↓↓↓

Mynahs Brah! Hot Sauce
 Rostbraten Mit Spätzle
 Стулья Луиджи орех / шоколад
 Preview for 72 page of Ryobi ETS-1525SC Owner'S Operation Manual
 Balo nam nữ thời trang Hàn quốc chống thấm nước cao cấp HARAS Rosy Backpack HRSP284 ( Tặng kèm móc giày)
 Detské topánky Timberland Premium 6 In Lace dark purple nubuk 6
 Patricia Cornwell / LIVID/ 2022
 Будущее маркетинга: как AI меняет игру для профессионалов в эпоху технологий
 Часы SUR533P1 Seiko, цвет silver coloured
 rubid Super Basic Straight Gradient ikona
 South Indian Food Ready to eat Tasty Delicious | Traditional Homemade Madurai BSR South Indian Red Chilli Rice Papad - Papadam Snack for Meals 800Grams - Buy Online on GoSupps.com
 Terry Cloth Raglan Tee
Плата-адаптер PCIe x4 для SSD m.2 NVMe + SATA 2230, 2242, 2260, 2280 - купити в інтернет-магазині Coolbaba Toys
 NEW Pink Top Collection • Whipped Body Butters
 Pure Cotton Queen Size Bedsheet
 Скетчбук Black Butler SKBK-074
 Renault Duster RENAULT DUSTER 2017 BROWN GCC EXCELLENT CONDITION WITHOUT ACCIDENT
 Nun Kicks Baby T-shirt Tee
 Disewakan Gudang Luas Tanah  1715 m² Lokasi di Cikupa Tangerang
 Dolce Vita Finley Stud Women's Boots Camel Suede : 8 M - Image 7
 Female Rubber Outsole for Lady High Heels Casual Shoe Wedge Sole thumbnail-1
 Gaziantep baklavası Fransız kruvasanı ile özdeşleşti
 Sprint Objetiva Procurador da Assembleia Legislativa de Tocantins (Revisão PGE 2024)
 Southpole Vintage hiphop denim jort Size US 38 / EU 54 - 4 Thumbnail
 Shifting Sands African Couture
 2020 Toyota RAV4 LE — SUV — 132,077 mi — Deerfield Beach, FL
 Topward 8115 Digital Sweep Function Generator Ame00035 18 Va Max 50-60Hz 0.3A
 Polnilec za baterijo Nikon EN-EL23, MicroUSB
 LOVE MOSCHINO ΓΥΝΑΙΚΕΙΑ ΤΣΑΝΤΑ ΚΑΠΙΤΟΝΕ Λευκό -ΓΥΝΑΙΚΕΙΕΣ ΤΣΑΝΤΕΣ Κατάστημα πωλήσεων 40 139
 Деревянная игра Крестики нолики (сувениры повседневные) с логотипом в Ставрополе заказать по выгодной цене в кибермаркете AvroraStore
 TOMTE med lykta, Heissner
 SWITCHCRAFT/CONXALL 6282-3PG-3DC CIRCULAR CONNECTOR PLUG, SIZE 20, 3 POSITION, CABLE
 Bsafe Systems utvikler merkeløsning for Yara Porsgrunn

↑↑↑

= PROMPT =
Output exactly the lines of the material above from the one containing "Patricia Cornwell / LIVID/ 2022" up to and including the one containing "rubid Super Basic Straight Gradient ikona".

= SOLUTION TO THE PROBLEM =
 Patricia Cornwell / LIVID/ 2022
 Будущее маркетинга: как AI меняет игру для профессионалов в эпоху технологий
 Часы SUR533P1 Seiko, цвет silver coloured
 rubid Super Basic Straight Gradient ikona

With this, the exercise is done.